Na karę roku i czterech miesięcy więzienia w zawieszeniu na cztery lata Sąd Okręgowy w Gdańsku skazał w poniedziałek ks. Mirosława B., oskarżonego o to, że jako proboszcz parafii w Bojanie nakłaniał 15-latkę do picia alkoholu, a potem molestował ją seksualnie.
Wyrok jest prawomocny. Jego uzasadnienie było niejawne. Ani księdza, ani jego obrońców nie było w poniedziałek w sądzie. Tym samym sąd utrzymał w mocy wyrok, który zapadł w czerwcu tego roku. Sąd Rejonowy w Wejherowie skazał wówczas duchownego na rok i cztery miesiące więzienia w zawieszeniu na cztery lata. Kapłanowi wymierzono też 2 tys. zł grzywny; ma 2-letni zakaz prowadzenia zajęć związanych z wychowaniem i katechizacją młodzieży. Od tego wyroku odwołała się obrona księdza.
- Spodziewaliśmy się takiego rozstrzygnięcia.

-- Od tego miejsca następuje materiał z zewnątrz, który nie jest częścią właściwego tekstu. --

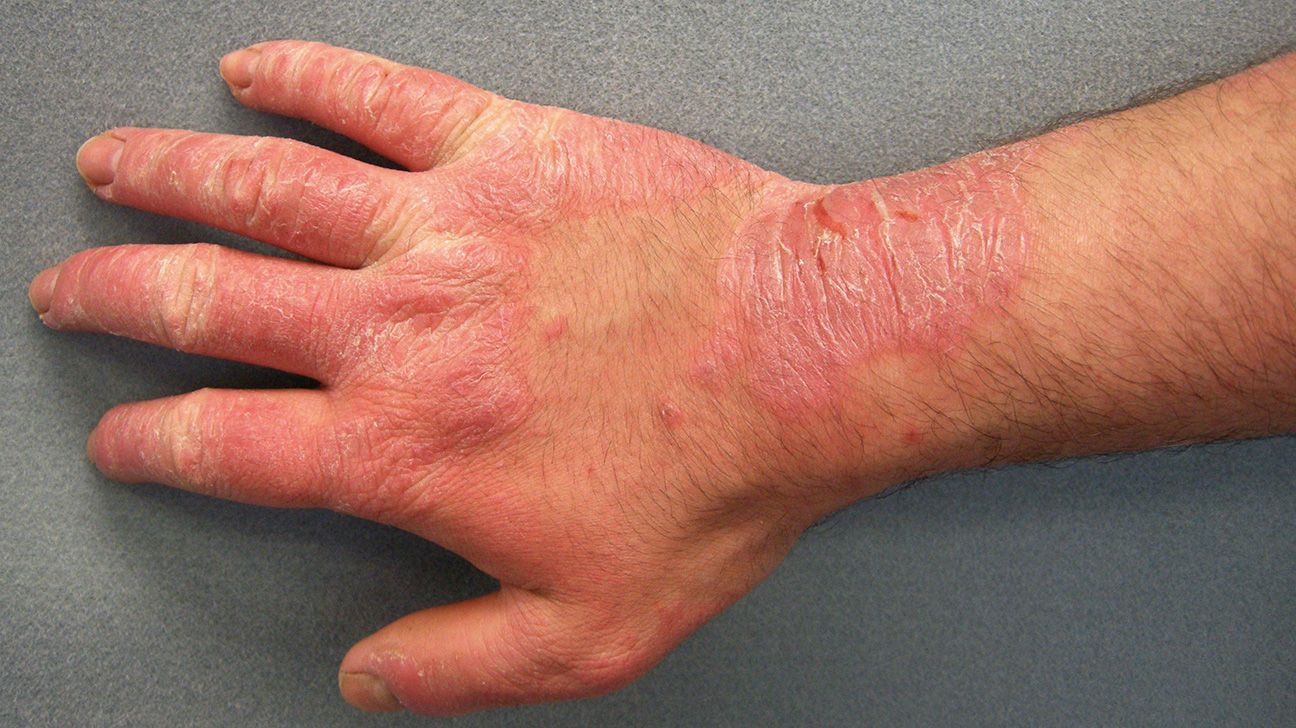 scaly skin from irritant contact dermatitis on the hands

Sprawiedliwości stało się zadość - powiedział dziennikarzom pełnomocnik rodziny 15-latki, adwokat Bolesław Senyszyn.
"On nie jest dla mnie księdzem"
Ojciec nieletniej pytany przez dziennikarzy o decyzję sądu powiedział krótko: "czuję ulgę". - Niektóre osoby nadal twierdzą, że nasza córka wszystko to sobie wymyśliła - wyjaśnił. Przyznał, że jego rodzina nie chodzi już na msze do kościoła w Bojanie, jeżdżą do innych miejscowości. - On nie jest dla mnie księdzem - dodał ojciec pokrzywdzonej dziewczyny.
Z ustaleń prokuratury wynika, że w grudniu 2009 r. proboszcz parafii w Bojanie Mirosław B. zaprosił 15-latkę na plebanię, proponując rozmowę o jej problemach. W czasie tej wizyty ksiądz nakłonił dziewczynę do wypicia alkoholu, po czym przemocą zmusił ją do "poddania się innej czynności seksualnej".
Całował w usta
Sędzia w wejherowskim sądzie ogłaszając wyrok wyjaśnił, że chodziło o całowanie dziewczyny w usta, uszy oraz plecy, a także masowanie pleców. Według wejherowskiego sądu, zeznania 15-latki były spójne i logiczne i nie miało w tym przypadku znaczenia to, że dziewczyna od 13. roku sprawiała kłopoty wychowawcze.
Ksiądz podczas procesu nie przyznał się do winy. Potwierdził tylko, że nastolatka odwiedziła go na plebanii. Duchowny i jego obrońcy twierdzili m.in., że padł on ofiarą spisku niechętnych mu parafian. Mirosław B. został odsunięty przez swoich kościelnych zwierzchników od pełnienia funkcji proboszcza w Bojanie; przebywa na urlopie do czasu ostatecznego zakończenia sprawy.
"Po co ta gorączka, teraz idą święta"
Na ewentualne konsekwencje ze strony władz kościelnych wobec skazanego kapłana trzeba będzie jeszcze poczekać. - Jak będą jakieś decyzje, to podamy je do publicznej wiadomości. Nie znam treści tego wyroku i uzasadnienia, nie rozmawiałem też jeszcze z samym księdzem. Po co ta gorączka, teraz idą święta - powiedział metropolita gdański arcybiskup Sławoj Leszek Głódź.